In the background, a Zamboni painted in city white-and-blue unloaded its ice scrapings — a sign skaters everywhere know means a pristine surface is at hand.
Isabella Huberman, bundled up for winter and standing tall with her figure skates on, lives two blocks away and hits the rink — known for excellent ice — several times a week.
“It’s always open, it’s free, the people are nice, you can be outside, too. That’s probably the biggest draw — that you can be outside in cold weather and do fun things,” she said.
Meanwhile, players in an impromptu match on the adjacent hockey rink clamoured to put a puck into two opposing empty nets and slid into the boards.
“It’s nice to have this community place where people can meet,” Huberman said, before being joined by her friend for a relaxed go-round on the second, more leisurely ice pad.
Standing inside the rink’s cozy clubhouse (complete with wood stove) and intently chatting with two of its staff is Jutta Mason, a self-styled “rink enthusiast.”
It’s a moniker she’s earned.
Mason helps run cityrinks.ca, a website that acts as both booster and watchdog for the city’s outdoor ice surfaces. It features daily updates on conditions and offers a 49-page manual on ways the group thinks the rinks could be improved.
“Really we’re the outdoor rink capital of the world” when it comes to the artificially cooled pads, said Mason, who surprisingly doesn’t skate but loves how the spots bring people together for the quintessential winter activity.
“It’s just so wonderful that we have these social and exercise and fun game spaces — so many of them — in Toronto.”
Those spaces don’t just naturally appear when the first flakes of snow fall into town.
City waterfront parks manager James Dann said a small army of several hundred staff keep a watchful eye over the ice surfaces — plowing rinks by hand or with Zambonis throughout the usual December-February season — as well as those using them.
Making the winter magic possible — even with temperatures above zero — is a complex system of pipes laid underneath stone or concrete slabs that in a way are the ice’s roots.
Chilled brine is pumped from a compressor hidden away in a clubhouse, cooling the slabs to the point where ice — ideally a “perfect” one-inch thick — can form on top, Dann explained.
And though it coated nearly everything with a slippery sheen, Dann said the brutal ice storm that walloped the city weeks ago didn’t necessarily help rinks out.
That’s because it left behind bumpy rink surfaces, and created additional trouble. Gates froze shut and, with the power knocked out at some rinks, there was no way to fill Zambonis with heated water — a crucial last step in resurfacing that makes ice stronger.

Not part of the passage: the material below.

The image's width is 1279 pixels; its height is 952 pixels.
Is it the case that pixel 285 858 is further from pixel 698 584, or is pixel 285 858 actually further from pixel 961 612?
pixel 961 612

“Without the ability to make hot water you can’t make cold ice,” he said.
Dann said that the city has made outdoor rinks a priority and is looking to refurbish older ones and also add more Zambonis to its stable.

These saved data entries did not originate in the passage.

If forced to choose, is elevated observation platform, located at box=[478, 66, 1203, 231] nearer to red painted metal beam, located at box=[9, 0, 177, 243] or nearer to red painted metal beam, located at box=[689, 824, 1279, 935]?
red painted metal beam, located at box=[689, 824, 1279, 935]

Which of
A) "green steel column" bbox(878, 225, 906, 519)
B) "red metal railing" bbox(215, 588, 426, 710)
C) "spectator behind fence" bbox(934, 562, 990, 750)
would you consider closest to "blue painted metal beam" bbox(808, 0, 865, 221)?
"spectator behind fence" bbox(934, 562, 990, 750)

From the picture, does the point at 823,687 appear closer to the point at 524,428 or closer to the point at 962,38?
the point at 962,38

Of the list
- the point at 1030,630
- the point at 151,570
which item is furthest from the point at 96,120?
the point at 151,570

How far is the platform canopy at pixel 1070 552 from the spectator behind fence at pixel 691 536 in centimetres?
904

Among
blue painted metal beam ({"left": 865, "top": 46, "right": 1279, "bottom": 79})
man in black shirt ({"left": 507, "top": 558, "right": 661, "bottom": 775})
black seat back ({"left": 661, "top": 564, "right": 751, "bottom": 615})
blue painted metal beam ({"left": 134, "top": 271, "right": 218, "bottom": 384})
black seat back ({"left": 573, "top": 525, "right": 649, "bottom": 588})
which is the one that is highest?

“Canadians like to skate and people like to get out skating and… we’re doing all that we can to encourage that.”
Julian Meanchoff just moved to the neighbourhood and was using the Dufferin rink for the second time. Clad in a hoodie, jeans and hockey gloves, he says he was the first to grace the ice that morning.
“Soon after people showed up. Within five minutes there were people here, and there was a game going within 10 minutes after that.”
“I don’t know anybody but it doesn’t really seem to matter,” he said before rejoining the neighbourhood match.